*EXERCISE*
Please set down every line of the records below exactly, without the pictures.

*SUPPLIED RECORDS*
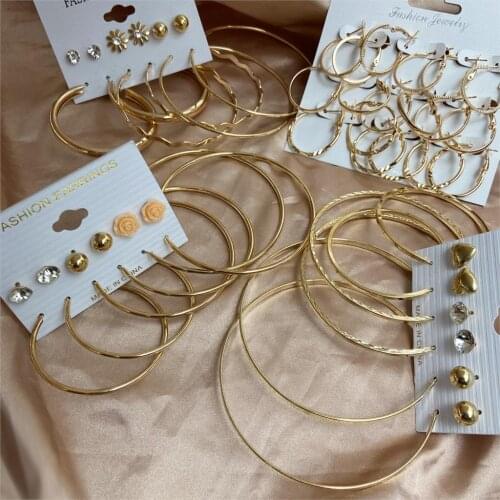 Vintage Geometirc Metal Hoop Earrings Set For Women Gold Silver Color Circle Hoop Earrings Серьги Hot Jewelry Gift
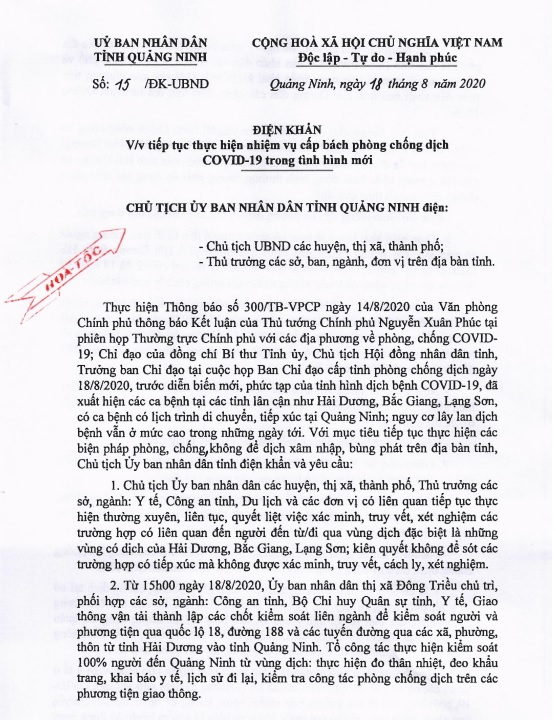 Quảng Ninh: Tạm dừng hoạt động vận tải đến TP Hải Dương - Ảnh 1.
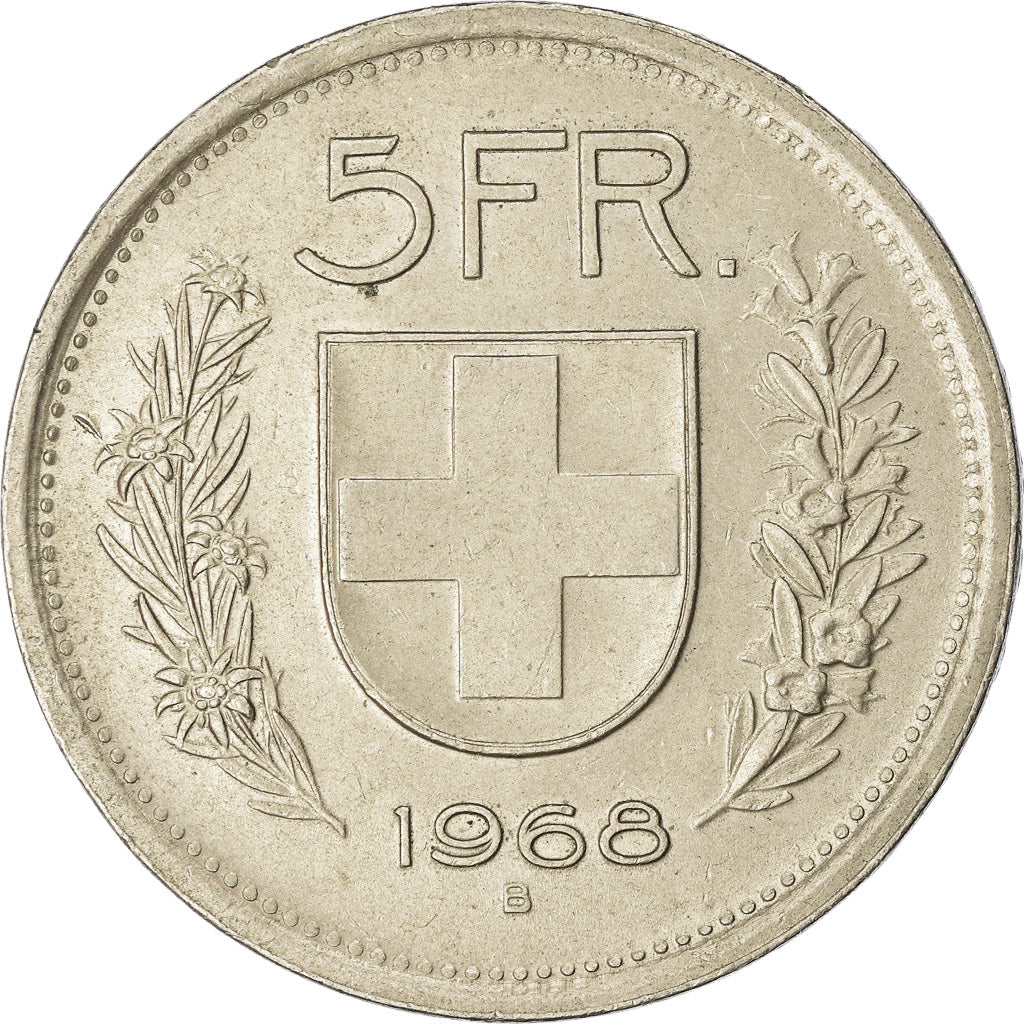 Coin, Switzerland, 5 Francs, 1968, Bern, EF(40-45), Copper-nickel, KM:40a.1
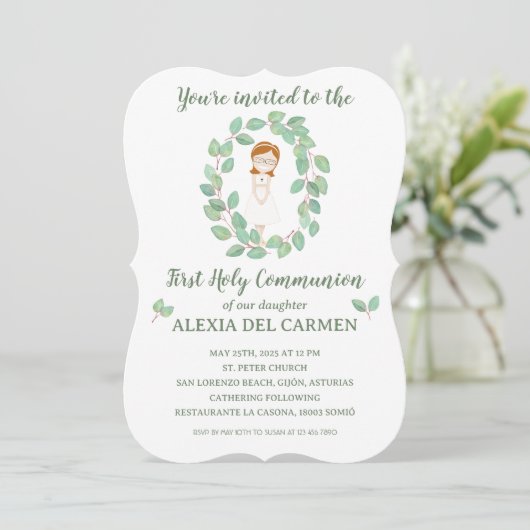 Invitación modelo Alexia Primera Comunión Kaart (Staand voorkant)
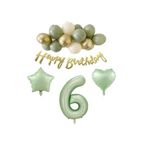 6 Yaş Happy Bırthday Yazılı Banner Su Yeşili Renk Rakam Kalp Yıldız Folyo ve Latex Balon Seti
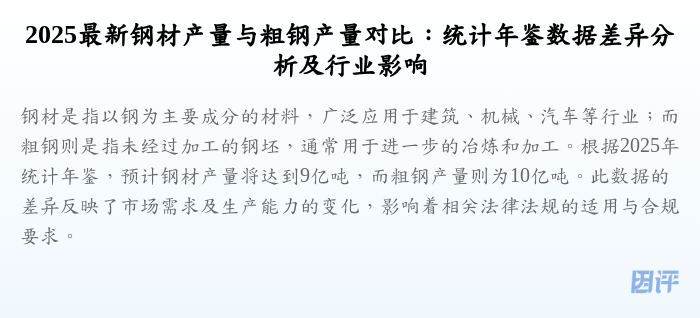 2025最新钢材产量与粗钢产量对比:统计年鉴数据差异分析及行业影响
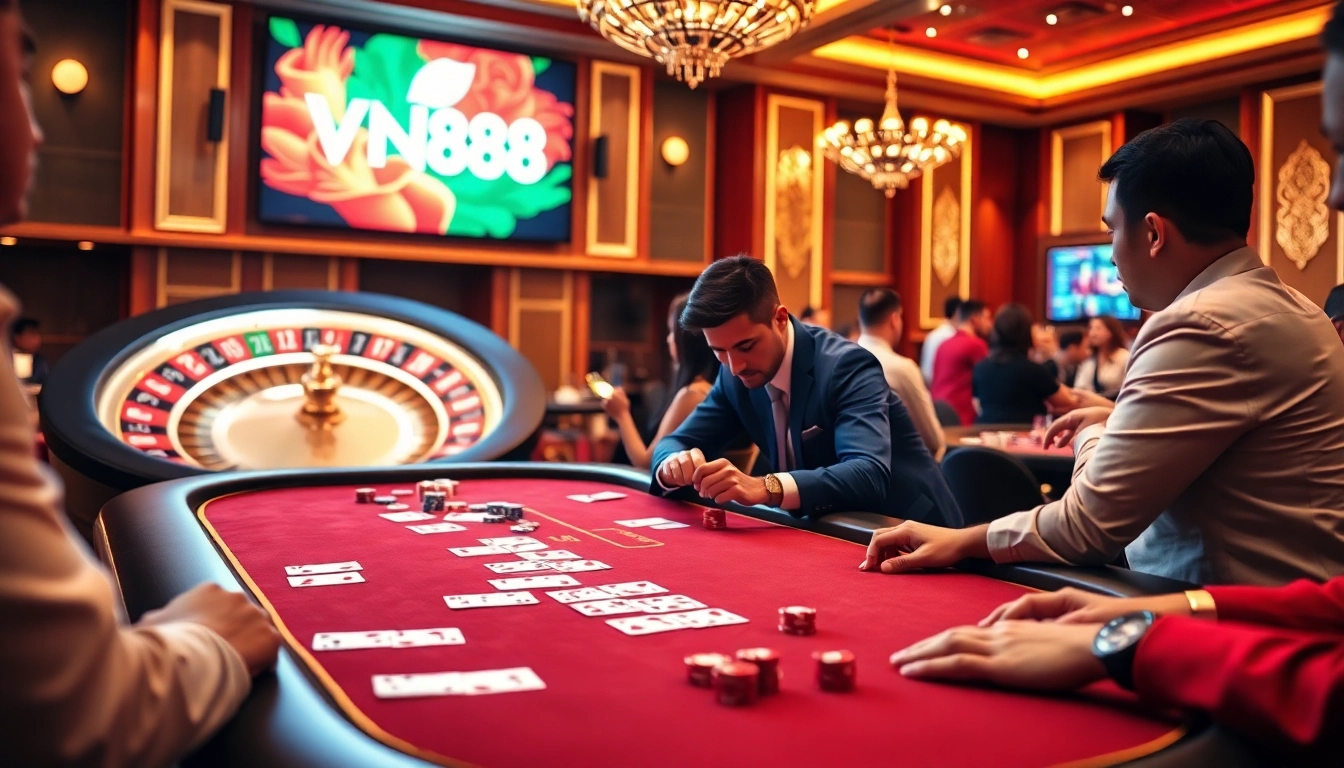 Experience the excitement of gambling at VN88 with strategic poker plays and vibrant casino visuals.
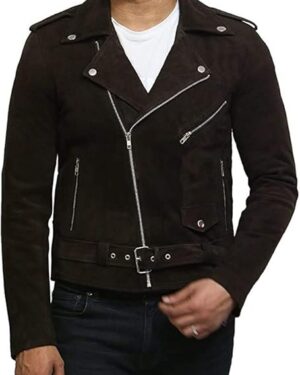 Men’s Premium Goat Suede Brando Biker Jacket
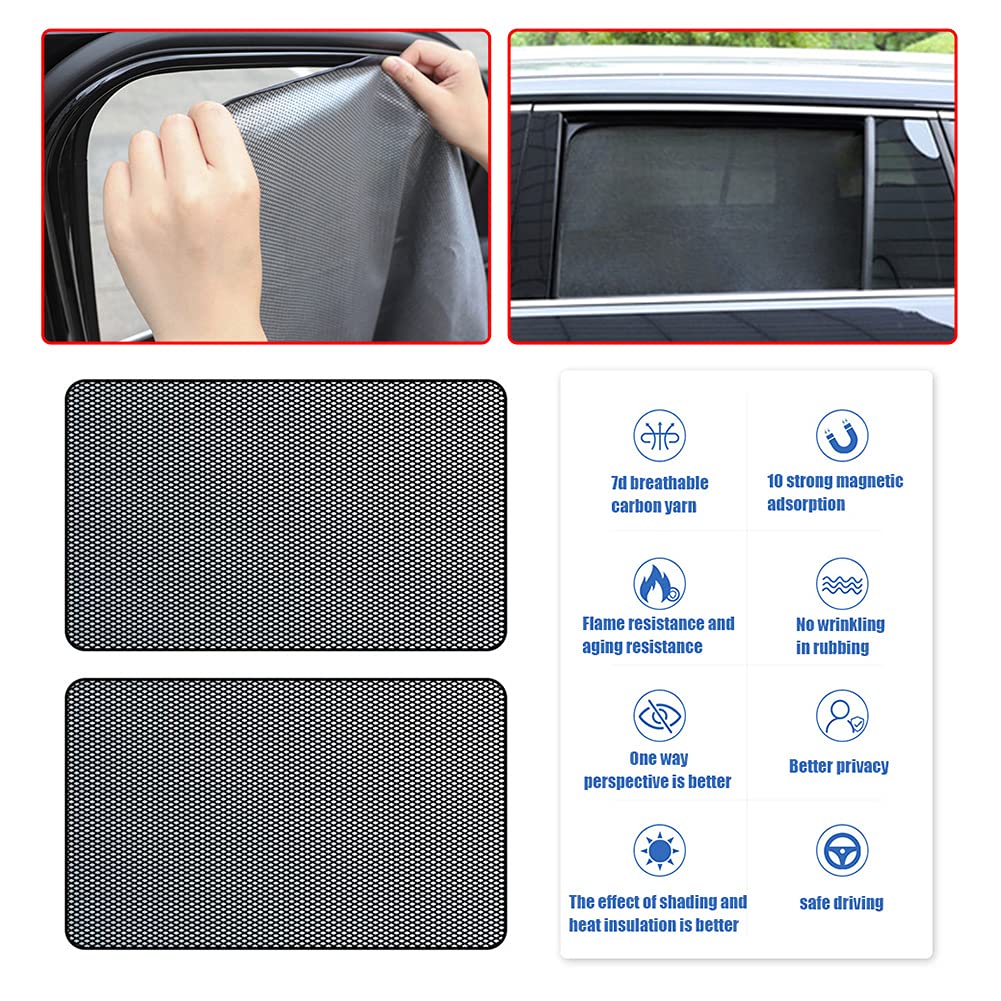 PHOGARY Lot De 4 Pare-soleil Magnétiques Pour Fenêtre Latérale De Voiture - Protège Les Enfants
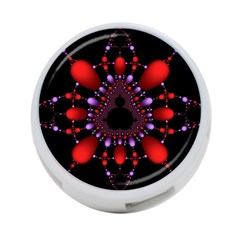 Fractal Red Violet Symmetric Spheres On Black 4-port Usb Hub (one Side) by Ket1n9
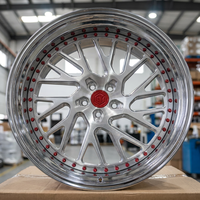 Jantes forgées sur mesure en aluminium 6061-T6 de qualité aérospatiale, finition argent brossé, rivets rouges, design maille, à déport profond, effet visuel 3D, 20, 21, 22 pouces, compatibles Classe S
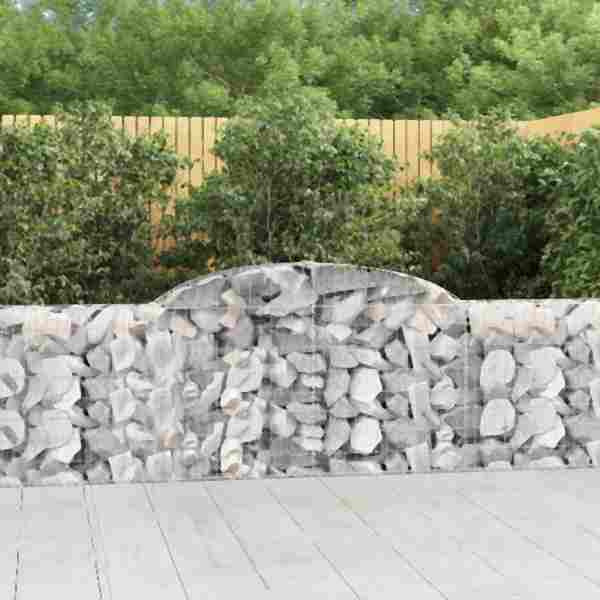 vidaXL Gabionen mit Hochbogen 7 Stück 300x30x80/100 cm Verzinktes Eisen, 3146508
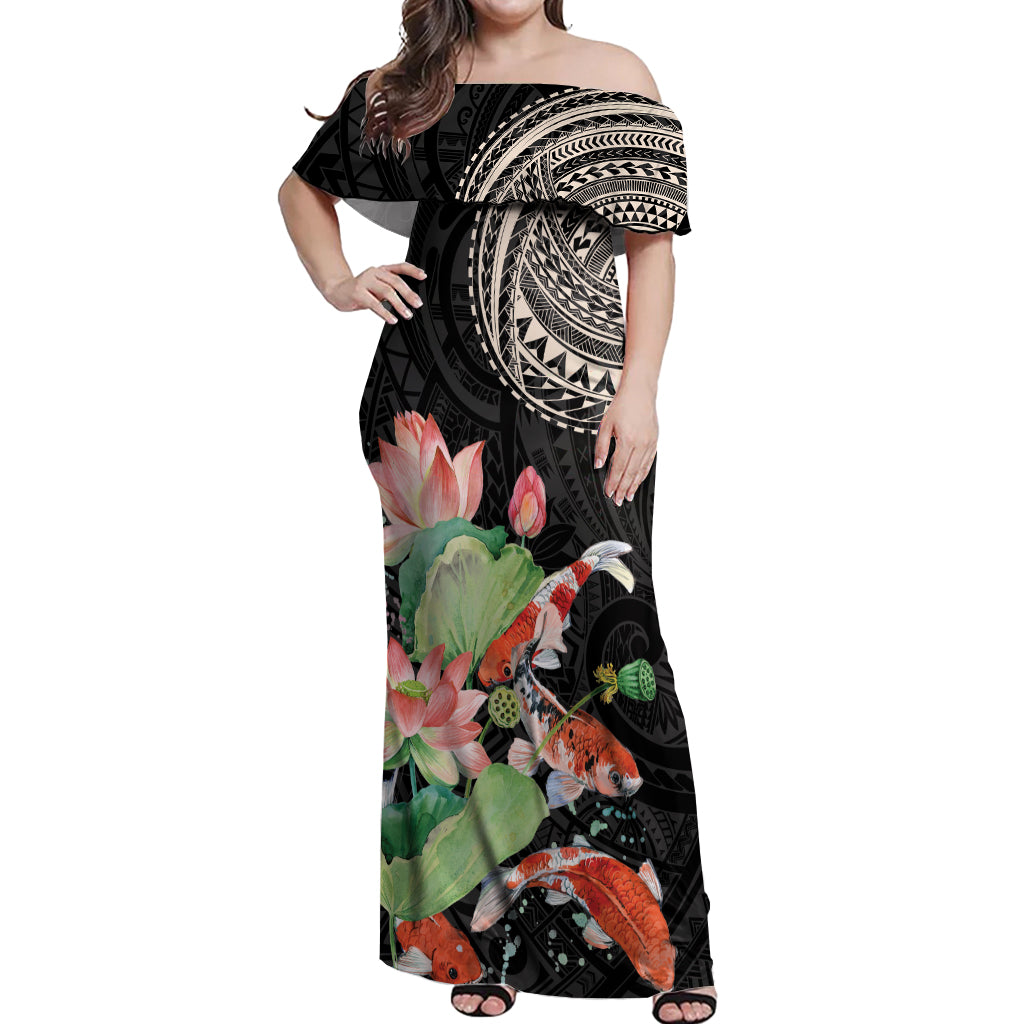 Personalized Japanese Koi Fish Off Shoulder Maxi Dress with Polynesian Pattern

*ANSWER FOR THE TASK*
 Vintage Geometirc Metal Hoop Earrings Set For Women Gold Silver Color Circle Hoop Earrings Серьги Hot Jewelry Gift
 Quảng Ninh: Tạm dừng hoạt động vận tải đến TP Hải Dương - Ảnh 1.
 Coin, Switzerland, 5 Francs, 1968, Bern, EF(40-45), Copper-nickel, KM:40a.1
 Invitación modelo Alexia Primera Comunión Kaart (Staand voorkant)
 6 Yaş Happy Bırthday Yazılı Banner Su Yeşili Renk Rakam Kalp Yıldız Folyo ve Latex Balon Seti
 2025最新钢材产量与粗钢产量对比:统计年鉴数据差异分析及行业影响
 Experience the excitement of gambling at VN88 with strategic poker plays and vibrant casino visuals.
 Men’s Premium Goat Suede Brando Biker Jacket
 PHOGARY Lot De 4 Pare-soleil Magnétiques Pour Fenêtre Latérale De Voiture - Protège Les Enfants
 Fractal Red Violet Symmetric Spheres On Black 4-port Usb Hub (one Side) by Ket1n9
 Jantes forgées sur mesure en aluminium 6061-T6 de qualité aérospatiale, finition argent brossé, rivets rouges, design maille, à déport profond, effet visuel 3D, 20, 21, 22 pouces, compatibles Classe S
 vidaXL Gabionen mit Hochbogen 7 Stück 300x30x80/100 cm Verzinktes Eisen, 3146508
 Personalized Japanese Koi Fish Off Shoulder Maxi Dress with Polynesian Pattern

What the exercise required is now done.